A final gotcha, with CosmosDB specifically, is that you can only perform transactions, i.e. updating multiple documents in a single atomic transaction, on documents within the same partition. As well as being another reason why you need to give container and partition key selection some thought it’s also likely that you’ll have to update documents that aren’t in the same partiion or even container. This means you’ll have to live with not having transactions and either accept the risks or manage this in the application code. While this is not the end of the world and can be worked around it’s also a limitation that you don’t have to worry about with SQL databases.

Conclusion

None of this is to say NoSQL or CosmosDB is a bad tech choice for all situations. It has its strengths and it has its weaknesses. However, it is the wrong tech choice for a team that doesn’t have the expertise to avoid the pitfalls. In this siutation you can end up getting none of the benefits while incurring all the costs. SQL can also be difficult for an inexperienced team but it’s much harder get the ball in the gutter relative to NoSQL.

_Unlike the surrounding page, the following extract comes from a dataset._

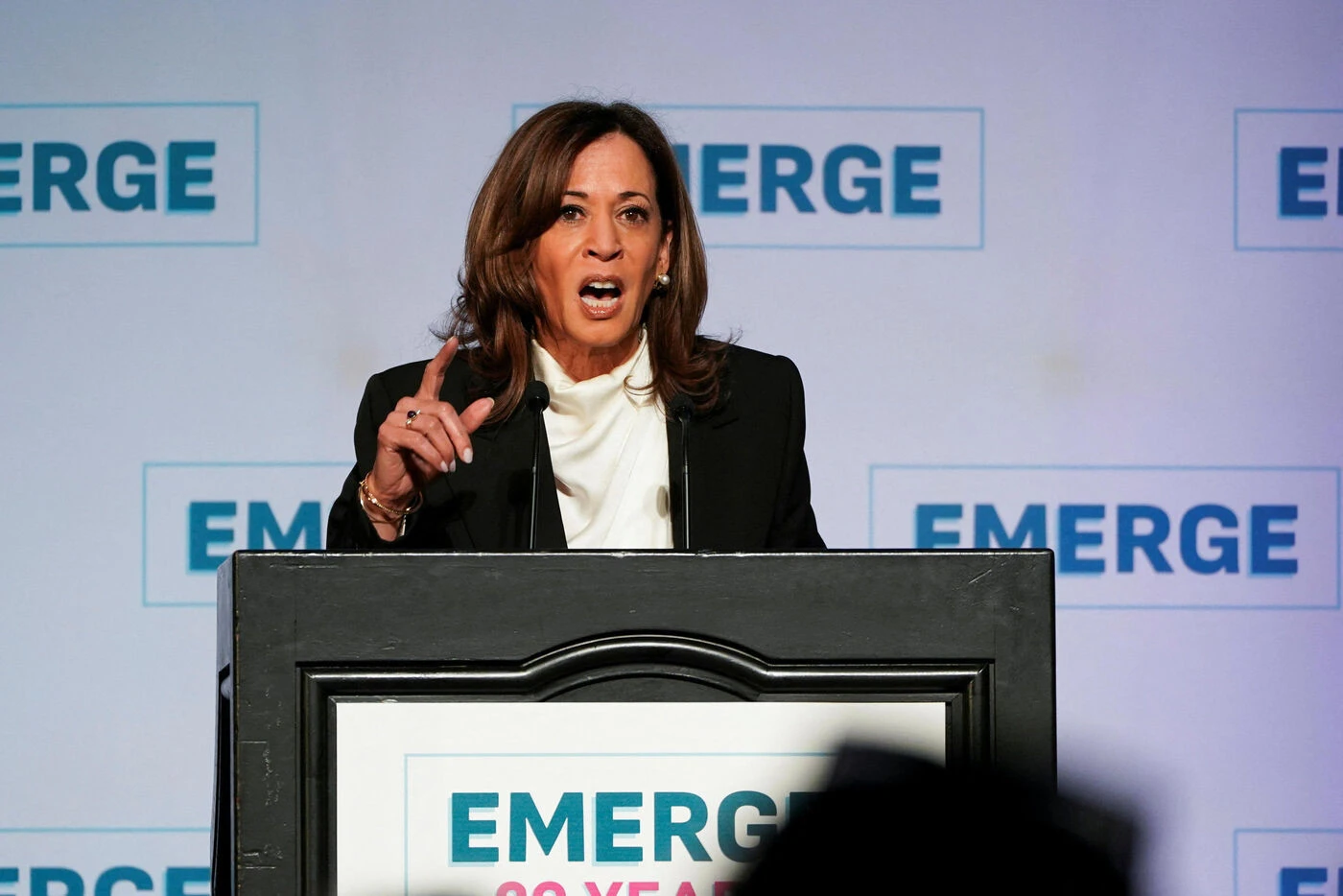 Kamala Harris critique le début de mandat « égoïste » de Donald Trump et appelle les Américains à ne pas se laisser « berner »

So to conclude I’d say unless you really know why you’re choosing NoSQL then don’t choose it. Just play it safe and stick with SQL. Of all the database options its the one most developers know how to use, has great tooling, is simple, safe and fast. Even if you think you know why you’re choosing it, if you don’t have at least one team member with experience using NoSQL in a production application then also don’t choose it. Without that expertise it won’t be worth it.